La Giuria, composta da Mario Cucinella (MCArchitects), Agostino Ghirardelli (Studio Libeskind), Ippolito Pestellini (OMA), Valerie Mulvin (Mcculloughmulvin Architects), Nicola Pizzoli (Unindustria), Claudio Tedeschi (DISMECO), Alessandro Marata (C.N.A.P.P.C.), Riccardo Gulli (UNIBO), Alessandra Bonoli (DICAM), ha decretato i 3 vincitori e 4 menzioni d'onore.

 

Il primo premio è stato assegnato allo studio inglese Maher McCarthy Parker, composto dagli architetti Michael McCarthy, Tom Parker e Paul Maher. Il progetto, che gioca sul concetto di monumentalità, preserva la personalità dell'edificio esistente, attraverso un'architettura unitaria, dove una successione di spazi è concepita per dare nuova identità al complesso, mantenendone inalterata la carica storica.


Il secondo premio
, invece, è stato conferito allo studio italiano Synapsis (formato dagli architetti Domenico Faraco, Michele Caltabiano, Ilaria Gizzi, Emilio Maria Rocchi Cartoni, Chiara Bolasco e Maurizio Giodice), il cui lavoro, finalizzato ad ottenere la massima valorizzazione della struttura esistente per mezzo di un intervento minimo, propone una destinazione d'uso abitativa, dotata di palestra per la produzione di energia elettrica e di sala interattiva per monitorare i consumi. Alla sperimentazione di uno stile di vita ecosostenibile si aggiunge poi l'efficace dialogo tra la leggerezza delle nuove strutture lignee e la pesantezza materica delle architetture in cemento armato, elemento che è stato particolarmente importante per attirare l’attenzione dei giudici.

 


Terzo classificato
 un team svizzero, Future, all’interno del quale gli architetti Amr Alaaeldin Elesawy, Christina Nakhle, Hans-Christian Rufer ed Alaa Attia si sono adoperati per aggiungere pochi e leggeri elementi di vetro e policarbonato nel rispetto dell'edificio esistente. Anche in questo progetto resta centrale la struttura antica, soprattutto grazie alla scelta di inserire uno splendido giardino d'inverno e un camino solare che garantisce il controllo della luce e della temperatura.

 

Per quanto riguarda invece le quattro menzioni d’onore, esse sono state assegnate meritoriamente agli studi di progettazione jeongchoiDIVERSERIGHESTUDIOAI studio e TEAM RR.

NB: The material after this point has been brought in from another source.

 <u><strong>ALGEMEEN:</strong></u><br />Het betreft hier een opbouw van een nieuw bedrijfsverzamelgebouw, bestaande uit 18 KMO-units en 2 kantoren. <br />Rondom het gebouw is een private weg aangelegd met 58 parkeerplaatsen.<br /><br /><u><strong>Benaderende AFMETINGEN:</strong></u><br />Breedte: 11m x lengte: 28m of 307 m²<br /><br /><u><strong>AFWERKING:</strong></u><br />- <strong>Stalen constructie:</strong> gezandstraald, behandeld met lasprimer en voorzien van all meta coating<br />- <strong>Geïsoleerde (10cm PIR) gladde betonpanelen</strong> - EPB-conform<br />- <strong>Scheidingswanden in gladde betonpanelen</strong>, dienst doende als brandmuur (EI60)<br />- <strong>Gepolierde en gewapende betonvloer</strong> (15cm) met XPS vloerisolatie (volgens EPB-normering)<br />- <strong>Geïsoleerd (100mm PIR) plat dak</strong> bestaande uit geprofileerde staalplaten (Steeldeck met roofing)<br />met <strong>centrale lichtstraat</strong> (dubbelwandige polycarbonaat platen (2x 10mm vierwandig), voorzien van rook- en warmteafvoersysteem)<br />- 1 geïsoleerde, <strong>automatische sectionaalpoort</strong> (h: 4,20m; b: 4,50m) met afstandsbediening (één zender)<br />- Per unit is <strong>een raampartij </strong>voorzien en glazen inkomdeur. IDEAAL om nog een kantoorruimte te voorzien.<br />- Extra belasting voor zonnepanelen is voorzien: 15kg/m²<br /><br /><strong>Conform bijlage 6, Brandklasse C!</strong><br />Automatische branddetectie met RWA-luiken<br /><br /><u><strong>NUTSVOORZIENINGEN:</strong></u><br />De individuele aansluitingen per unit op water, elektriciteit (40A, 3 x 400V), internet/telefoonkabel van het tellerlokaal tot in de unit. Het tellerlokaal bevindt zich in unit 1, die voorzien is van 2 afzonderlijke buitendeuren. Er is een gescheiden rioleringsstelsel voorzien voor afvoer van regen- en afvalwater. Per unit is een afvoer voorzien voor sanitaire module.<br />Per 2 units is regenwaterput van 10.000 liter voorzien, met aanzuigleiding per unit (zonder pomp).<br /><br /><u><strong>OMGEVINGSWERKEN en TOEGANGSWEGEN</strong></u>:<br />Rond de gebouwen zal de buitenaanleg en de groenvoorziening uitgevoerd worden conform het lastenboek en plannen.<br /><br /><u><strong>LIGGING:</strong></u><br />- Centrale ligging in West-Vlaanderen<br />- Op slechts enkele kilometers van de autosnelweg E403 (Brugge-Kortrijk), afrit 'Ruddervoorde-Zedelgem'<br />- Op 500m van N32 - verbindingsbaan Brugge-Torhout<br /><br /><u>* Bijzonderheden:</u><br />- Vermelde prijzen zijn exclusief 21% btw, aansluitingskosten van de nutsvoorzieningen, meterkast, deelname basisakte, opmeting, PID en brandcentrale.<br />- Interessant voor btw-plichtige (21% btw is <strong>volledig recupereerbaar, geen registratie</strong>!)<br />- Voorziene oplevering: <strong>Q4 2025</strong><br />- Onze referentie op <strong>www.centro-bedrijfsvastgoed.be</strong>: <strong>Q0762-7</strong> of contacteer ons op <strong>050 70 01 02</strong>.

Team "jeongchoi" - Daegeon Jeong, Sylvia Soohee Choi

 

Grazie alla rigorosa selezione, che ha visto trionfare le migliori soluzioni tra quelle proposte da eccellenti squadre di architetti, Green Academy si è dunque confermato un contest di fondamentale rilevanza nel panorama più innovativo della progettualità architettonica.